2021 öncesi dönemin olağandışı para politikalarının aşırı spekülatif bir ortam yarattığı zamanlardan bu yana finansal rejim normale dönmüş olsa da, girişim sermayesinin (vulture capital) gelecekteki yapısı hâlâ belirsiz. Mesele sadece kripto ve yapay zeka balonlarının kendi kendine sönmesi değil. Daha da önemlisi, sektör artık Amerikan devletinin organize ettiği stratejik inovasyon tedarik zincirine güvenemez hale geldi. Bu zincirin birçok halkası şu anda Trump yönetimi tarafından zayıflatılıyor veya koparılıyor.
Girişim sermayesi modeli ABD’de doğdu, ancak geleceği Çin ve Avrupa’da olabilir.

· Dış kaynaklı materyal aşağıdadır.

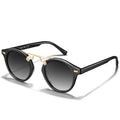 CARFIA Double Bridge Small Acetate Sunglasses for Women Polarized, Retro Metal Brow Ladies Sunnies Fashion Round Eyewears - color: Black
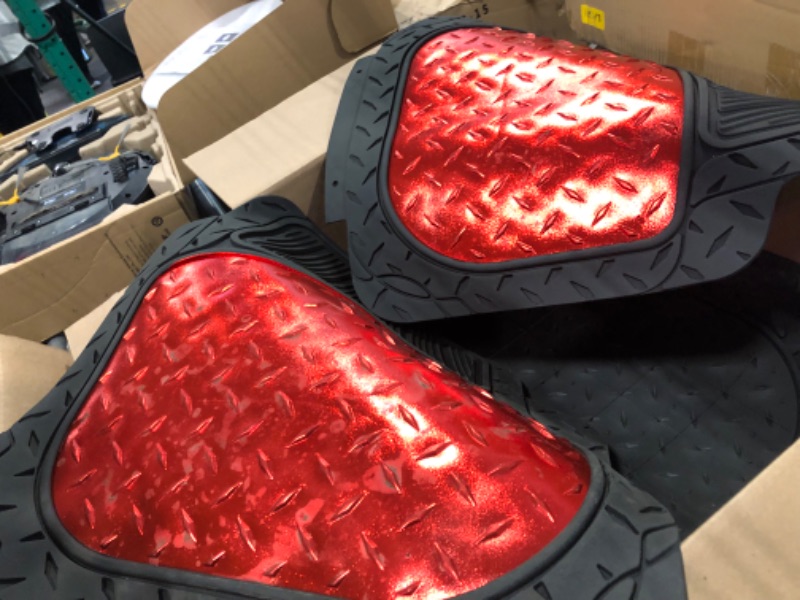 Photo 1 of Automotive Floor Mats Red Universal Fit Climaproof for All Weather Protection Heavy Duty Rubber fits Most Cars, SUVs, and Trucks, Trim to Fit Design FH Group F11315RED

Uzun zamandır kendi evinde oynadığı stratejik rol, bilime dayalı dönüştürücü teknolojilerin akışı kurudukça azalacak. Bu tedarik zincirini oluşturmak üç nesil sürdü. Yeniden inşa etmek kolay olmayacak.
William H. Janeway, Cambridge Üniversitesi’nde ekonomi alanında seçkin bir profesördür ve Doing Capitalism in the Innovation Economy (Cambridge University Press, 2018) adlı kitabın yazarıdır.